Any standard, the court said, that is not centered on "student progress would do little to remedy the pervasive and tragic academic stagnation that prompted Congress to act" when it passed the 1975 law that provides federal funds to help states cover the cost of educating students with disabilities.
Federal appeals court judges are happy when the high court clears up such circuit conflicts, she said.
Sen. Richard Durbin, D-Ill., who was the first to suggest to Gorsuch on Wednesday that the Supreme Court had just rebuked him in the Endrew F. ruling, told Tacha when she discussed the prevailing 10th Circuit standard, she left out the word added to "more than de minimis" by Gorsuch: "merely". Advocates said that the ruling would not only affect decisions in the relatively few special-education disputes that go to court but would also more broadly shift the balance of power between families and school officials, pushing schools to set more ambitious goals tailored more carefully to each student's particular needs.
"Heartbreaking", Gorsuch said before a panel of senators.
"School districts will have the flawless opportunity to do the right thing and create programs that are consistent with the new clarified standard", Mayerson said.
Lower courts, applying the "more than trivial" test, sided with the school district.
If confirmed to the U.S. Supreme Court, which is closely divided on many critical issues, Judge Gorsuch would be in a position tip the balance in a direction that would undermine many of our core rights and legal protections. That is the case that led to the 2008 decision in the 10th Circuit written by Gorsuch. Mike Lee, R-Utah, that Gorsuch was meticulous in crafting his opinions and she did not believe he meant to alter the "more than de minimis" standard with his use of the word "merely".

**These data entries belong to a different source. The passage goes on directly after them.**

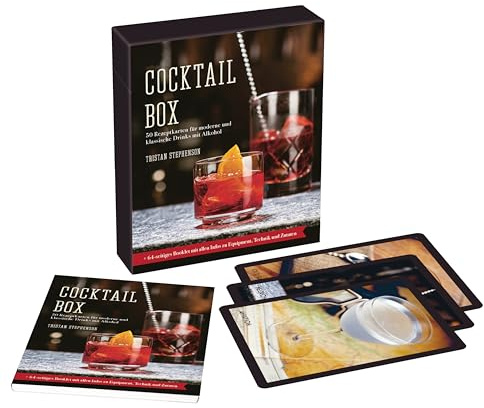 Cocktail-Box: 50 Rezeptkarten für moderne und klassische Drinks mit Alkohol + 64-seitiges Begleitbuch mit allen Infos zu Equipment, Technik und Zutaten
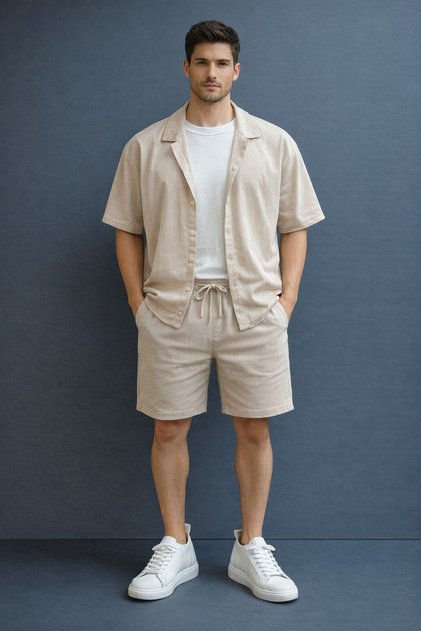 Men's Alaçatı Style Shirt Shorts Wrinkled Oversize Waffle Premium Fabric Relaxed Fit Bottom Top Set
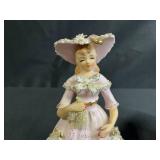 Vintage Ardalt Porcelain Lady Figurine (chipped lace) and Grand Piano Jewelry Box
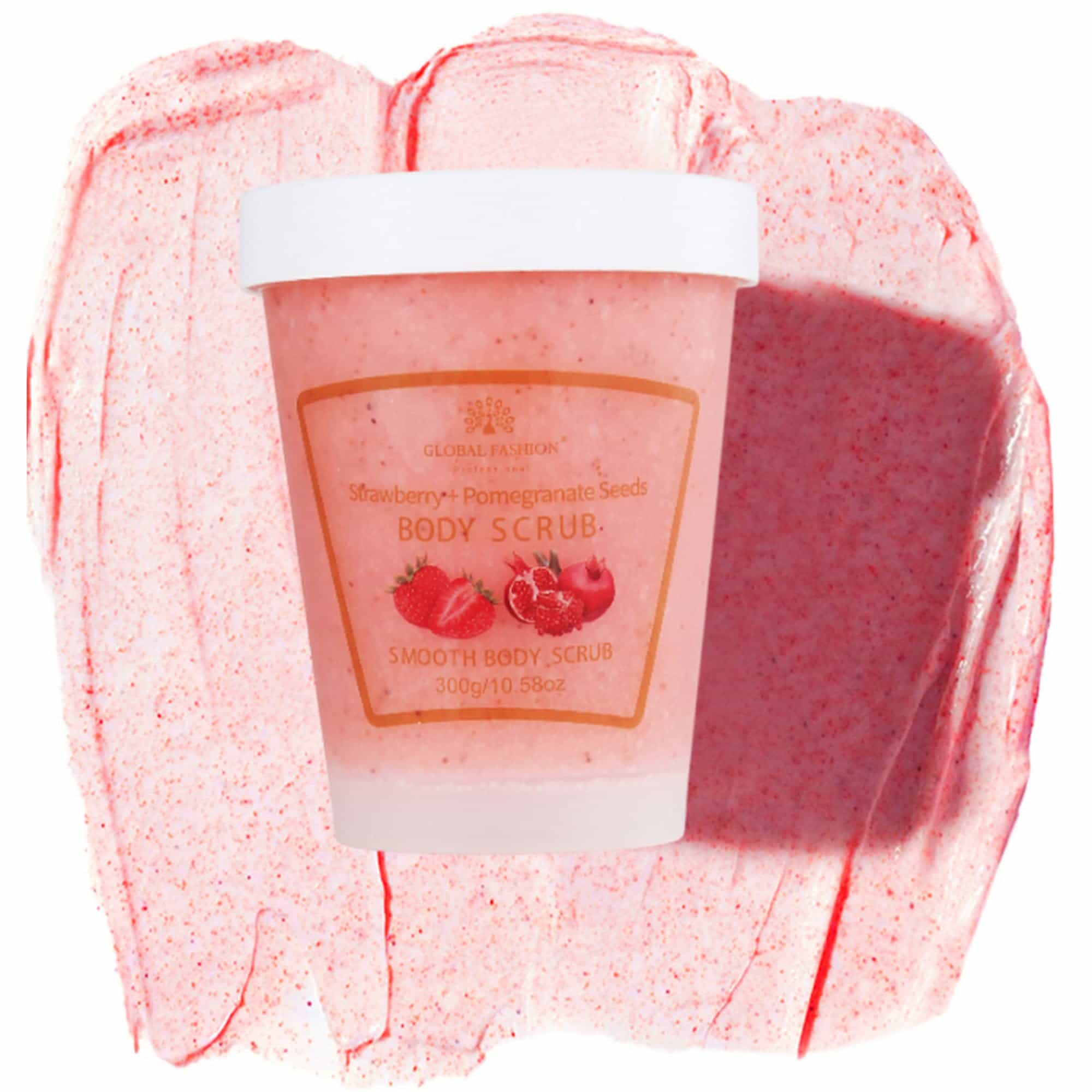 Global Fashion Smooth Body Scrub - Natural Exfoliating & Moisturizing Body Scrub with Collagen & Vitamin E – Deep-Cleansing, Nourishing & Brightening Skin (300 g, Strawberry + Pome)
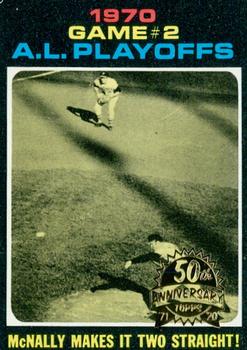2020 Topps Heritage - 50th Anniversary Buybacks #196 1970 AL Playoffs Game #2-McNally Makes It Two Straight! Front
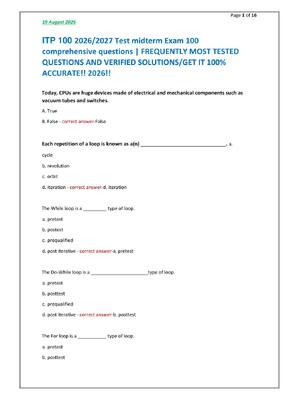 Preview of ITP 100 2026/2027 Test midterm Exam 100  comprehensive questions | FREQUENTLY MOST TESTED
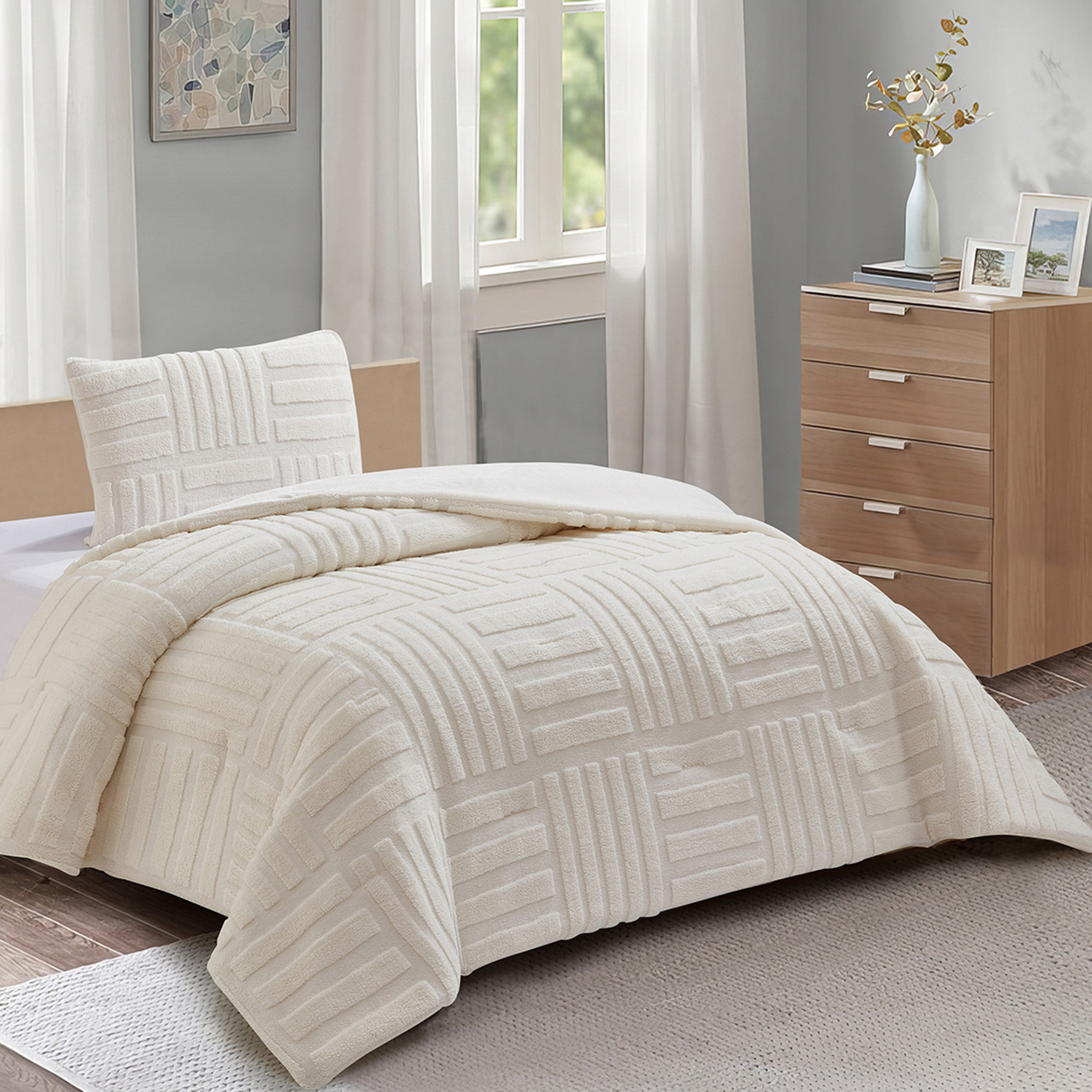 طقم لحاف توين فرو شيربا جاكار أورليو قطعتين من ليا- 150×220 سم-hbxhomeware-hbxbedroom-image-1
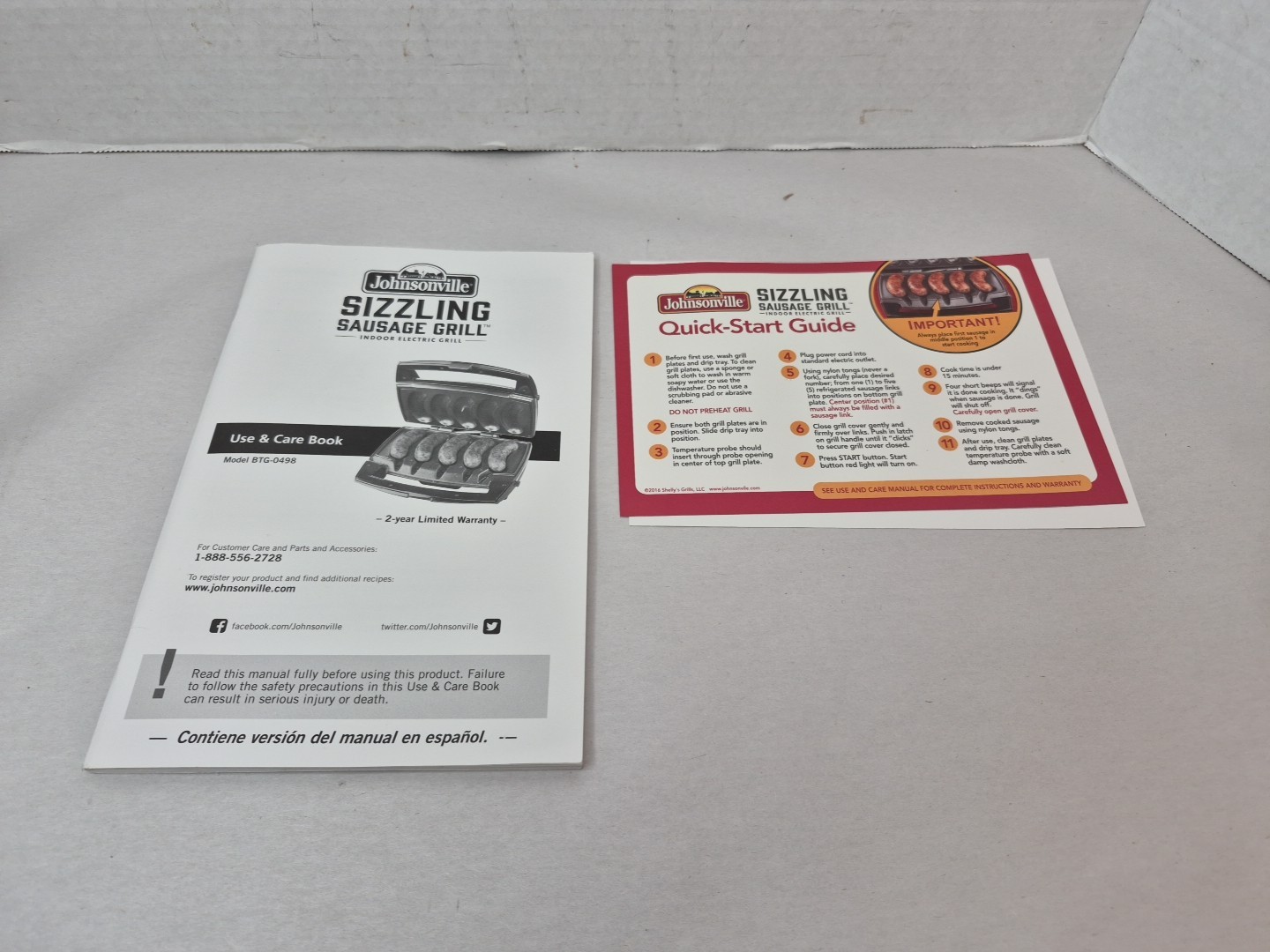 Johnsonville Sizzling Sausage Grill BTG-0498 Original Manual With Quick Guide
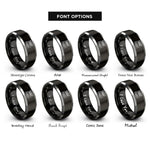 font options for inside engraving on black & gray hydro dam rings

"It is a massive victory for children with disabilities across this country who will really hold the cards when their parents go into the school system and say now it's time to act for my child to have an equal opportunity to achieve the American dream", said Maryland parent Jennifer Laszlo Mizrahi, president of the nonprofit RespectAbility.
The case decided Wednesday involves Endrew F., a Colorado boy who was diagnosed with autism at age 2.
Gorsuch's opinion in that decision, Thompson R2-J School District v. Luke P.
The family sued the Thompson school district for reimbursement of the private school tuition, as the IDEA permits when a district fails to provide a free, appropriate education.
Roberts said the law requires an educational program "reasonably calculated to enable a child to make progress appropriate in light of the child's circumstances".
Chief Justice John G. Roberts Jr. said the school district had not met its duty under the law.